Abe Vigoda’s leathery, sad-eyed face made him ideal for playing the over-the-hill detective Phil Fish in the 1970s TV series Barney Miller and the doomed Mafia soldier in The Godfather. His death brought to an end years of speculation on whether he was still alive, sparked by a false report of his death more than three decades ago.

Though Vigoda took it in his stride, the question of whether he was dead or alive became something of a running joke: there was even a website devoted to answering the much-Googled question, “Is Abe Vigoda dead?”

Vigoda was worked in relative obscurity as a supporting actor in the New York theatre and in television when Francis Ford Coppola, who was looking for unheralded actors to play most of his supporting roles, cast him in The Godfather. He played Sal Tessio, an old friend of Vito Corleone (Marlon Brando) who hopes to take over the family after Vito’s death by killing his son Michael (Al Pacino). But Michael anticipates that Sal’s suggestion for a “peace summit” among the big crime families is a set-up – and the escorts Sal thought were taking him to the meeting turn out to be his executioners.

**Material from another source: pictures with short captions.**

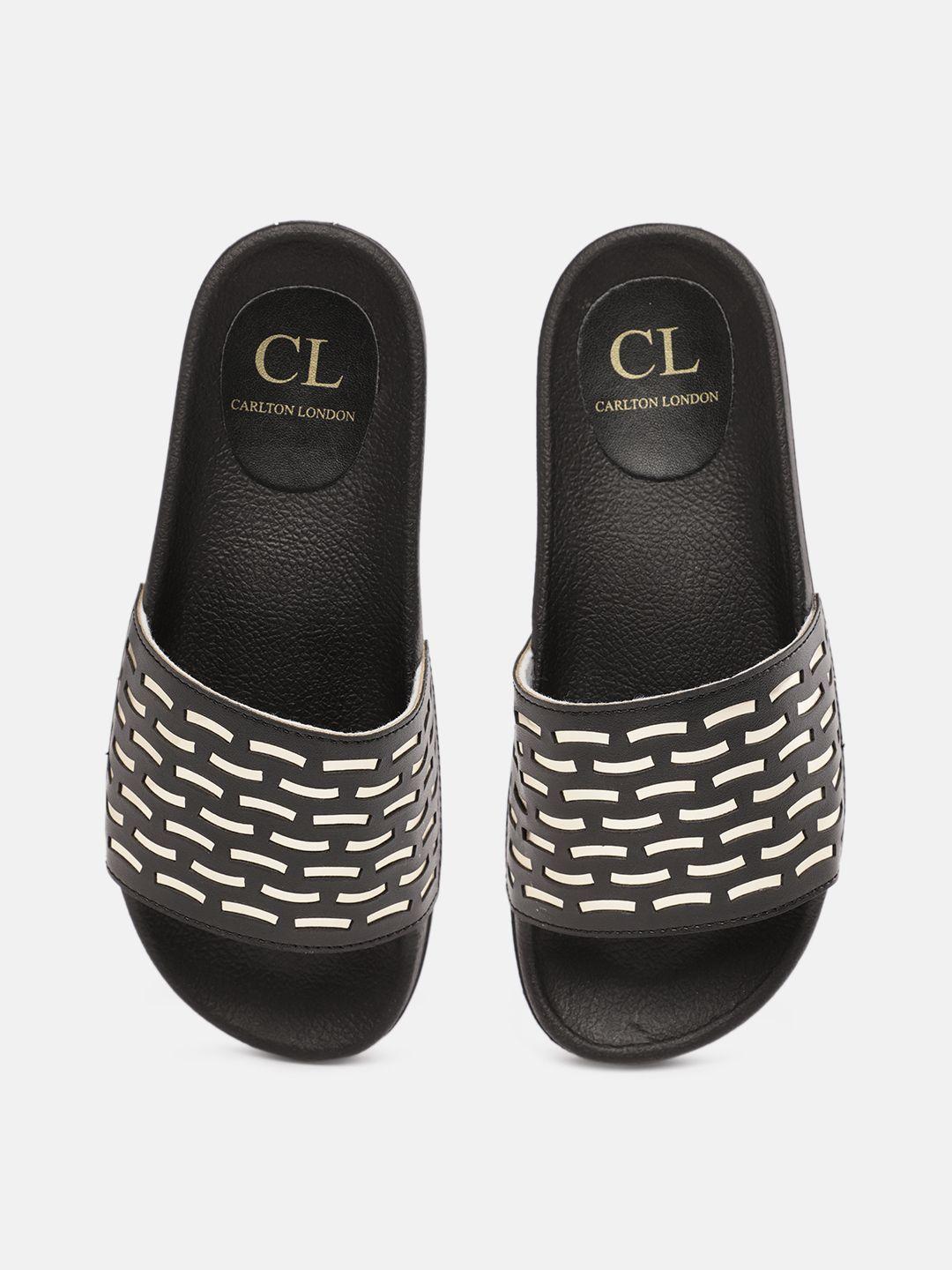 carlton london women black & white self design sliders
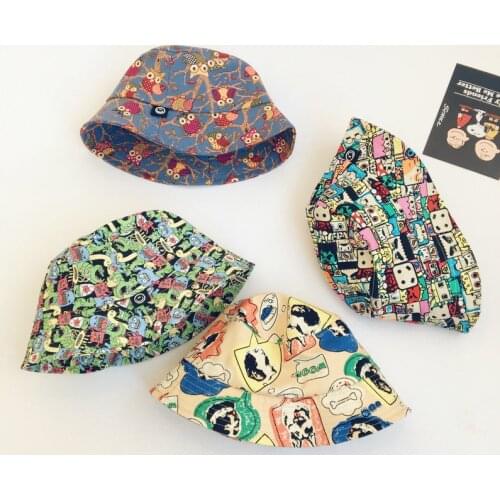 Summer Baby Bucket Hat Boys Girls Sun Hats Intant Beach Cap Fashion Cartoon Print Outdoor Sunscreen Fisherman Beanie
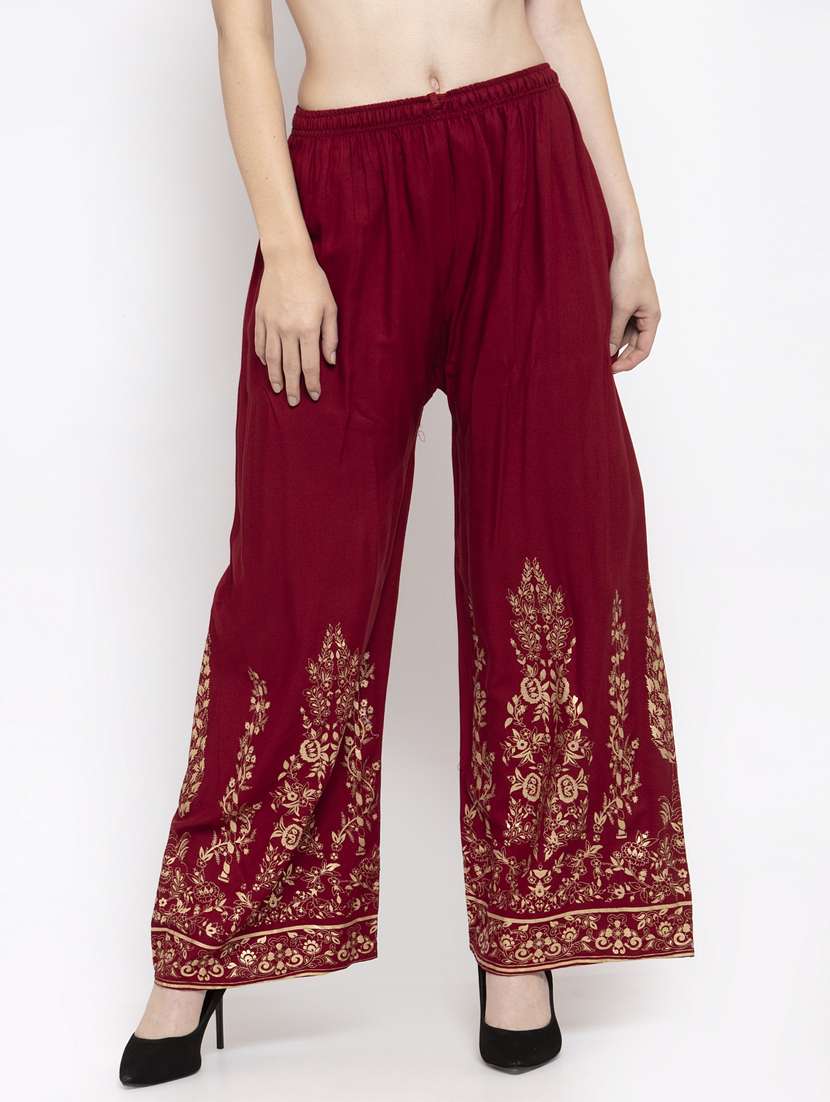 maroon foil print straight palazzo - 16971298 - Zoom Image - 0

“Tell Mike it was only business,” Sal mutters to consigliere Tom Hagen (Robert Duvall), as he’s led away. Although Vigoda was Jewish rather than Italian, his looks fooled the mobsters who visited the set one day. “They kept looking at me, as if to say, ‘What family is he from?’” he recalled.

The huge success of the film and The Godfather Part II led to numerous roles, often as hoodlums. But it was his comic turn in Barney Miller which ran from 1975 to 1982, that brought Vigoda’s greatest recognition in the US.

He liked to tell the story of how he won the role of Fish. An exercise enthusiast, Vigoda had just returned from a five-mile jog when his agent called and told him to report to Danny Arnold, who was producing a pilot for a police station comedy. Arnold remarked that he looked tired, and Vigoda explained about his jog. “You know, you look like you might have haemorrhoids,” Arnold said. “What are you – a doctor or a producer?” Vigoda asked. He was cast on the spot.

The Complete Directory to Prime Time Network and Cable TV Shows, a reference book, commented: “Not only did he look incredible, he sounded and acted like every breath might be his last. Fish was always on the verge of retirement, and his worst day was when the station house toilet broke down.”

Vigoda remained a regular until 1977, when he took the character to his own series, Fish, which dealt with his domestic life and his relations with the five street children he and his wife took in. The show lasted a season and a half. Vigoda continued making occasional guest appearances on Barney Miller but eventually quit over billing and salary differences. He remained a popular character actor in films including Cannonball Run II, Look Who’s Talking and Joe Versus the Volcano. His resemblance to Boris Karloff led to his casting in the 1986 New York revival of Arsenic and Old Lace, playing the role Karloff originated on stage.

Born in New York in 1921, Vigoda attended the Theater School of Dramatic Arts at Carnegie Hall. In the early 1950s, he appeared as straight man for Jimmy Durante. For 30 years, he worked in the theatre, acting in dozens of plays in such diverse characters as John of Gaunt in Richard II (his favourite role) and Abraham Lincoln in a short-lived Broadway comedy, Tough to Get Help. He attributed his success rate in winning roles to his performance in auditions. Instead of delivering the soliloquies that most actors performed, he wrote his own, about a circus barker.

Reflecting on his delayed success, Vigoda once remarked: “When I was a young man, I was told success had to come in my youth. I found this to be a myth. My experiences have taught me that if you deeply believe in what you are doing, success can come at any age.”

Reruns of Barney Miller and screenings of the Godfather films kept Vigoda in the public eye, and unlike some celebrities, he enjoyed being recognised. In 1997 he was shopping in Bloomingdale’s in Manhattan when a salesman remarked, “You look like Abe Vigoda. But you can’t be Abe Vigoda because he’s dead.”

Abraham Charles Vigoda, actress: born Brooklyn 24 February 1921; married firstly Sonja Gohlke (marriage dissolved; one daughter), 1968 Beatrice Schy (died 1992); died Woodland Park, New Jersey 26 January 2016.